L'utilisation du terme par les ethnologues est quant à elle
ambiguë. Les critères linguistique ou ethnonymique
peuvent être retenus. Les deux critères sont
souvent difficiles à
manier, face à la réalité complexe des
populations étudiées. Ce que nous pouvons retenir
est que l'ethnie est un ensemble de personnes ayant un lien
déjà ancien, susceptible d'être réinterprété
en fonction d'enjeux divers.
Le second aspect qui mérite d'être
souligné nous montre le caractère paradoxal
de l'influence de l'ethnie sur le champ politique africain.
Aujourd'hui, nous assistons à une recomposition de
l'occupation des espaces qui engendre des mutations culturelles.
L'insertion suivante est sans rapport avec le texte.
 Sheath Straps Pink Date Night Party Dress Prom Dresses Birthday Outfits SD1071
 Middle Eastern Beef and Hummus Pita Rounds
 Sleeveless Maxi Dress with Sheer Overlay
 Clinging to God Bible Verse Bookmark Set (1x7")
Les villes sont devenues des lieux carrefours où des
personnes aux appartenances ethniques diverses se croisent
et s'influencent mutuellement. Pourtant, c'est dans ce contexte
que des conflits ethniques surgissent en Afrique. Nous avons
pu le constater récemment au Congo Brazzaville. Dans
certaines villes africaines, les quartiers sont occupés
en fonction des origines ethniques, tribales ou autres. De
nombreux jeunes nés dans les villes ne parlent guère
la langue de leurs parents, ne pratiquent que difficilement
les coutumes de leurs géniteurs. Comment pourrait-on
alors expliquer ce paradoxe où le dynamique côtoie
le statique ?
C'est dans un univers en métamorphose
que surgissent des conflits ethniques sur le continent africain.
Plusieurs axes de réflexion nous permettront de mener
à bien notre analyse. D'une manière générale,
le problème de l'ethnicité pose la question
du rapport à l'autre. Un second aspect est celui de
la mutation imposée des modes d'organisation de l'Afrique
précoloniale.
L'autre
L'autre est toujours autre, étranger
car il est une individualité que nous ne pourrons
jamais inscrire totalement dans notre champ de compréhension.
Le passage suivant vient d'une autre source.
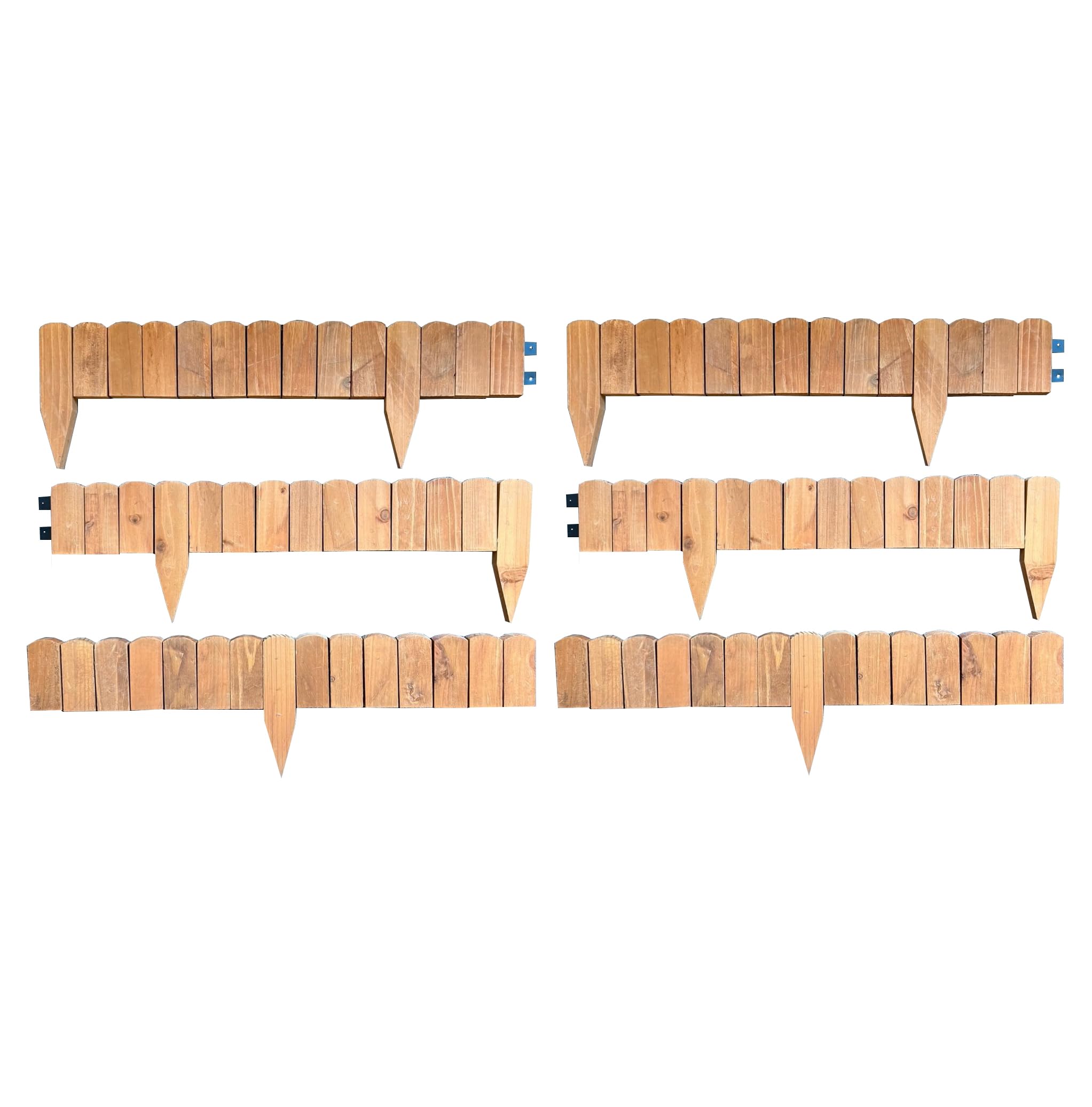 Selections 10cm High Wooden Lawn Edging Log Roll Panels for Borders and Paths 4.2m Total Length - Set of 6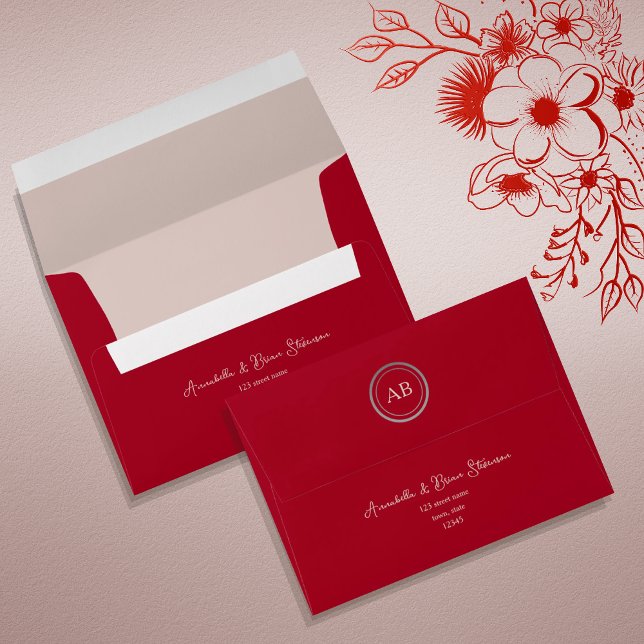 Pink Red Monogram Wedding Envelope (Creator Uploaded)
Toute tentative d'assujettissement de l'autre à notre
représentation conduit nécessairement à
une restriction de la possibilité de notre rencontre.
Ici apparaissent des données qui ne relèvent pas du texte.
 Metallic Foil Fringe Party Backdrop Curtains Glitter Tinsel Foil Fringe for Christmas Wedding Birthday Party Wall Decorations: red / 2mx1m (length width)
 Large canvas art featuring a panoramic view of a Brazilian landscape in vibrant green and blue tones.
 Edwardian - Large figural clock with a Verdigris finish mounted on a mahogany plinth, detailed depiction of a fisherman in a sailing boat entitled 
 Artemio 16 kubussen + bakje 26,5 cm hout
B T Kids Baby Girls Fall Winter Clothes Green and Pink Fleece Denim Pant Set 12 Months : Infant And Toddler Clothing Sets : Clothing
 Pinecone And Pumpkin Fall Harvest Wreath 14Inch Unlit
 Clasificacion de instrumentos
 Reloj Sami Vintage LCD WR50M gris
L'autre ne peut être réduit à un objet
de notre lecture, car notre perception est toujours sujette
aux limites de notre imaginaire. Pourtant, cet autre qui
nous intrigue, nous avons, souvent, besoin de le ramener à notre
regard.
Cette tendance, malheureusement humaine, à
laquelle n 'échappe même pas le chercheur
en sciences humaines se manifeste dans nos quotidiens. Madeleine
Grawitz, dans son ouvrage intitulé "Méthodes
des sciences sociales" (Dalloz) nous dit ceci: "Les
sciences sociales exigent de façon aussi impérative
mais avec plus de difficultés, la fameuse rupture épistémologique
réclamée par Bachelard dans les sciences de
la nature. Lazarsfeld nous donne une série d'affirmation
de fausses évidences. Les soldats dotés
d'un niveau d'instruction élevé présentent
plus de symptômes psycho-névrotiques que ceux
qui ont un faible niveau d'instruction." L'explication
est facile
à trouver, tout le monde sait que l'intellectuel a
un système nerveux plus fragile. "Les soldats
de race blanche sont davantage portés à devenir
des sous-officiers que les soldats de race noire. Cela va
de soi, puisque chacun sait que les noirs sont paresseux
et n'ont aucune ambition. Or les résultats réels
de l'enquête sont exactement opposés aux affirmations
ci-dessus. En réalité
les soldats les moins instruits étaient les plus sujets
aux névroses et ce sont les soldats noirs qui souhaitaient
le plus vivement une promotion." Nous comprenons ainsi
combien il est difficile pour les spécialistes de
saisir la complexité
de la réalité humaine, sans préjugé.
Il nous parait aussi laborieux, pour des individus non investis
dans la recherche, d'avoir une perception exacte de l'autre
et de sa culture.
Nous constatons, d'autre part, que pour
dominer, les hommes ont souvent besoin d'une représentation
de l'autre, d'un discours pour justifier leurs pratiques.
L'exclusion de l'autre passe aussi par un "laïus".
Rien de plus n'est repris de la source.